Differential diagnosis is performed with senile and secondary osteoporosis, malignant bone tumors and bone metastases, myeloma, fibrotic dysplasia, Paget’s disease, common traumatic fractures, scoliosis, spinal osteochondropathy, peripheral neuropathy. If necessary, the patient is consulted by an orthopedist, traumatologist, endocrinologist.
Treatment
The main goal of therapy is to prevent possible fractures by improving the mineralization and architectonics of bones while improving the quality of life of patients. For this purpose, complex anti-osteoporetic therapy is used, aimed at various links in the pathogenesis of the disease. The standard treatment regimen for osteoporosis caused by postmenopausal changes in a woman’s body includes the following groups of drugs:
- Bone resorption inhibitors. Estrogens, their combinations with progestins or androgens prevent premature bone destruction and are recommended when menopausal manifestations persist in the first years of postmenopause. If there are contraindications or the patient refuses to take sex hormones, it is possible to replace them with phytoestrogens, selective modulators of estrogen activity or estrogen receptors. In addition to hormone replacement therapy, calcitonin, bisphosphonates, and strontium preparations have the effect of slowing resorption.

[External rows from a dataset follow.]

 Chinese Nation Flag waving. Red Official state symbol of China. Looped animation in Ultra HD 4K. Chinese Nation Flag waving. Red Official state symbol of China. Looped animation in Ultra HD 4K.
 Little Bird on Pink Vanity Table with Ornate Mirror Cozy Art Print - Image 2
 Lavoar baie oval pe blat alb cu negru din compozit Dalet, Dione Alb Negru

- Bone formation stimulants. The appointment of parathyroid hormone, anabolic steroids, androgens, somatotropin, fluorides contributes to the strengthening of osteogenesis. Accelerated bone remodeling with the use of these drugs is achieved by activating osteoblasts, enhancing anabolic processes, and stimulating hydroxylation. It should be borne in mind that in postmenopausal disorders, the use of such drugs is limited by a number of contraindications and possible complications.

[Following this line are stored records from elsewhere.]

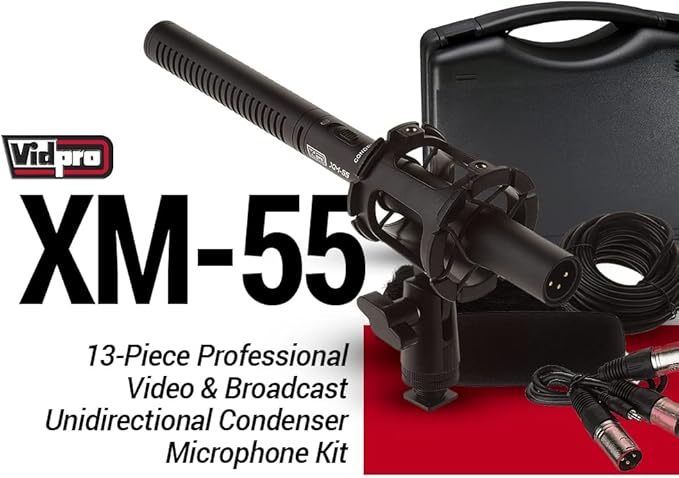 VidPro XM-55 13-Piece Professional Video & Broadcast Unidirectional Condenser Shotgun Microphone Kit - Complete Set Includes 2 Mounts Adapters Cables and More Perfect for Indoor and Outdoor Recording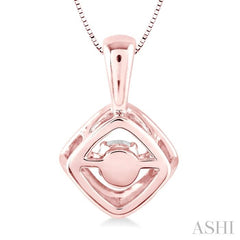 1/5 Ctw Round Cut Diamond Emotion Pendant in 14K Rose Gold with Chain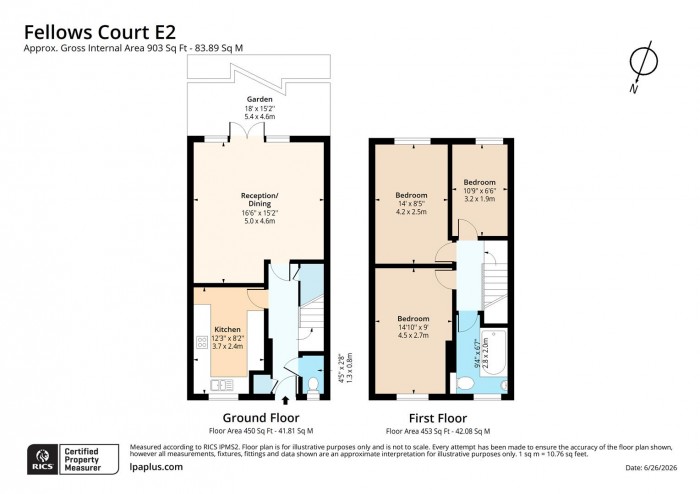 Floorplan for Flat 278, Fellows Court, E2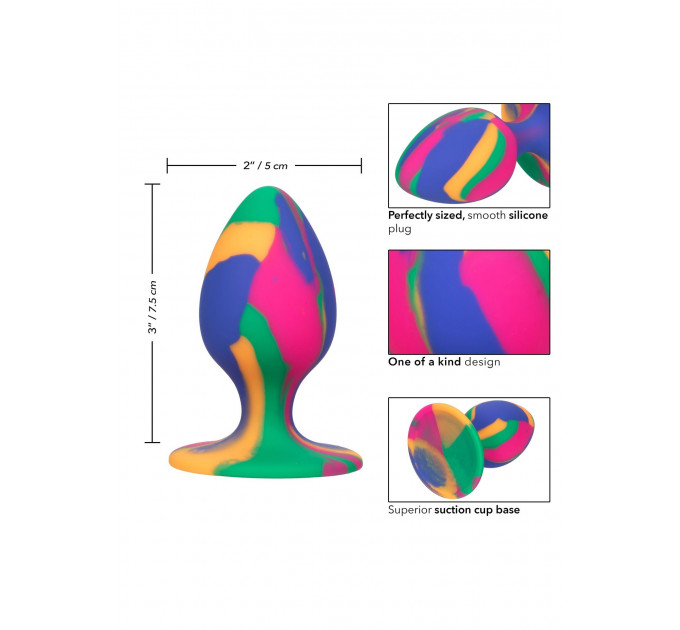 Анальная пробка силиконовая CalExotics Cheeky Tie-Dye Plug, разноцветная, Medium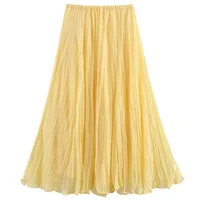 HXAO Women's Skirt Yellow Pleated Skirt Summer 2025 Midi Ruffle High Waist Long Skirts For Women Elegant Casual Vacation Skirts - Image 2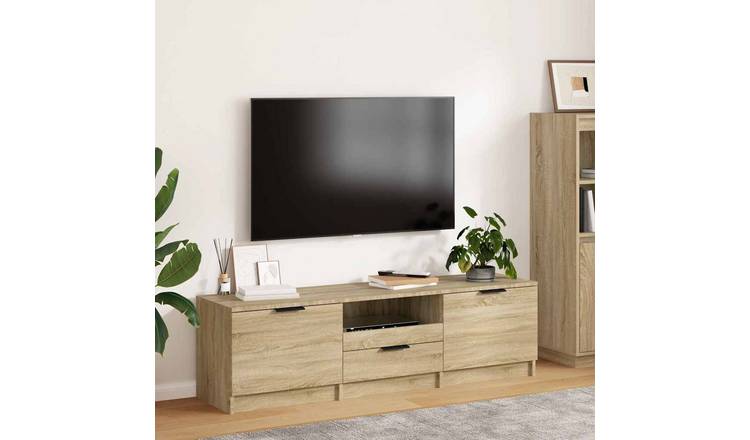Walplus Engineered Wood TV Cabinet - Light Oak - 140 x 35 x 40 cm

- Means of multidimensional action. Mineralization and architectonics of bone tissue improves when taking calcium preparations, especially in combination with vitamin D, which makes it possible to classify such funds as basic. Ossein-hydroxylate complex and flavone compounds also have a versatile effect on the processes of osteogenesis and bone destruction, which, with a minimal probability of complications, effectively inhibit the function of osteoclasts responsible for resorption and demineralization, stimulating osteoblastic osteopoiesis.
Effective treatment of osteoporosis in postmenopausal women is impossible without lifestyle and diet correction. Elderly patients are recommended moderate physical activity with the exception of falls, lifting weights, sudden movements. It is necessary to add calcium—rich foods to the diet – milk, cottage cheese, hard cheese, legumes, fish, and other seafood, giving up the abuse of coffee and alcoholic beverages.
Prognosis and prevention
Although postmenopausal osteoporosis is a progressive disease, regular supportive treatment and a healthy lifestyle can significantly reduce the likelihood of fractures. For preventive purposes, postmenopausal women are recommended to take calcium supplements containing vitamin D, dosed insolation, diet correction, sufficient physical activity taking into account the age norm, smoking cessation, limited consumption of products containing caffeine (coffee, tea, chocolate, cola, energy drinks). When signs of osteoporosis are detected, corsets and hip protectors can become effective protection against loads that provoke fractures.